A long way of saying I went into “Hello I Must Be Going” hoping for some knowing Marxian references beyond the title.
I got a few. The film’s protagonist, Amy, (Melanie Lynskey), three-months divorced from her entertainment-attorney husband in Manhattan, and now living with her parents in Westport, Conn., used to watch the Marx Brothers with her father when she was a kid. Now she’s watching them again. We see clips from “Duck Soup” and “Animal Crackers,” with Groucho singing the title song, the absurdity of which I’ve always liked. I laughed out loud when I heard this again:
I’ll do anything you say!
I’ll even stay!
But I must be....going
It’s one of the few times I laughed out loud at this April-June romantic comedy.
The movie opens with Amy getting up at noon, slumping off to the kitchen for crackers, and then returning to her room to watch “One Day at a Time” reruns on TV. Her mother, Ruth (Blythe Danner), half encourages her, half chastises her to get moving again. She tries to buck her up but brings her down in the peculiar way of mothers. She talks about a friend’s daughter who is now apparently on anti-depressants, or depressaunts as she calls them, Frenchifying the word, legitimizing it, and implies that maybe this is the path for Amy. “Amy, you haven’t left the house in three months,” she says, seeming concerned. Then her real concern emerges. Important guests are arriving for an important dinner. “Honey, I need you to shape up a little. Get something nice to wear.”
To be honest, I only had so much sympathy for Amy. Her circumstances are tough but not that tough. She’s had heartache but no more than the rest of us. She’s been lying around for three months, wasting her life, wasting her parents’ time and money. At some point, you need to look for something to do and do it. You need to find a place, and a talent with which you can make money, or for which someone will pay you, and then do that. Or you do the thing that makes you money and then you do the other thing that fulfills you, which is what most of us do. It can be hard, particularly in our current culture and economy, but Amy and I are still living in America in the 21st century. The luck heaped upon us is still overwhelming.
At the dinner party, which involves a potential client for her lawyer-father Stan (John Rubenstein), the son of that client, 19-year-old Jeremy (Christopher Abbott of HBO’s “Girls”), is the only other person at the table, besides Amy, who looks uncomfortable with the glib, wine-infused conversation.
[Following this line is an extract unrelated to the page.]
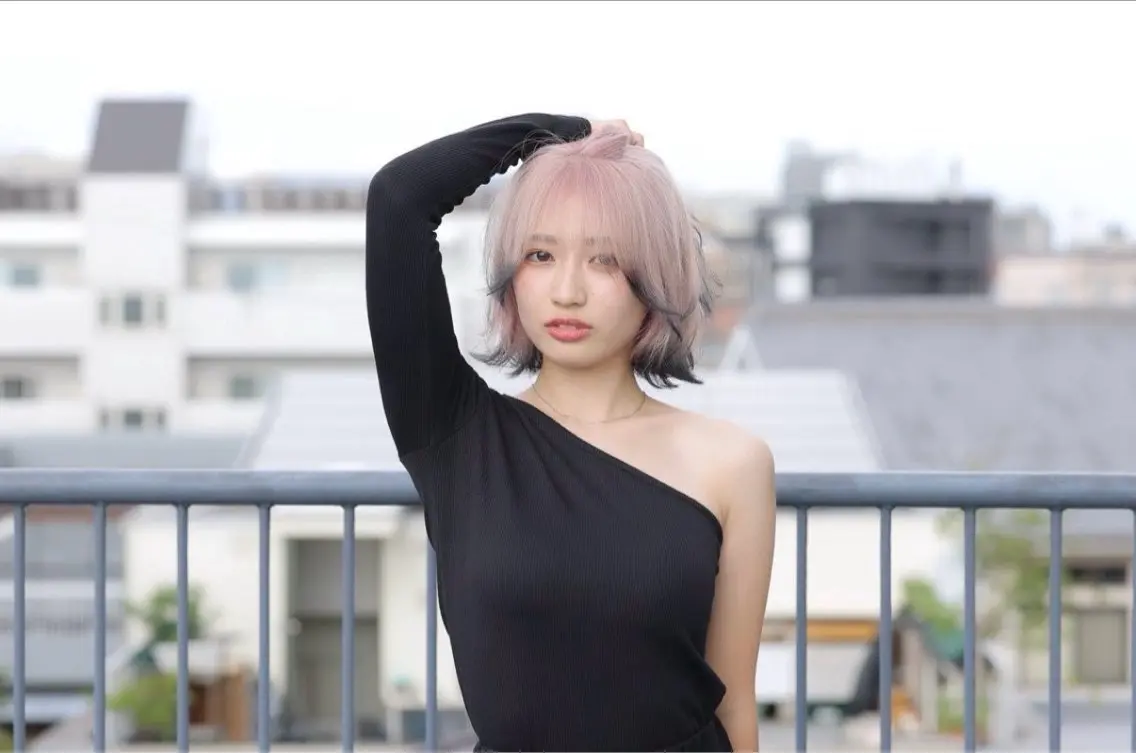 ショート カラー ハイトーンカラー 【ALTLA 吹田】 ハイトーン MUUのヘアスタイル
Occasionally he’ll make eyes at her. Eventually he follows her into another room and makes a pass.
Thus every road back to wholeness begins with the distraction of romance.
At some point, fairly early in the movie, I thought, “Wouldn’t it be great if she wound up where she started: groaning at the start of the day and watching tired re-runs on TV?” I thought: Why does she have to realize her self-worth? What is it about her self that’s worthy? That she’s nice? That she takes photos of rivers? She was going to publish a book of her river photos once. Apparently she got distracted by her attorney husband. What was she doing all the time she was married anyway? Was she working? Where? How did she fill her days?
In “Hello I Must Be Going,” written by first-time screenwriter Sarah Koskoff and directed by third-time director Todd Louiso, Amy never finds a job, or a purpose, but she finds enough value in herself to demand alimony from her ex. That’s her big self-esteem moment. Then she and her mother travel the world together. She’ll take pictures of her mother. And, one assumes, rivers.
Groucho: Do you suppose I could buy back my introduction to you?
Amy: slowly dying on her road to self-esteem.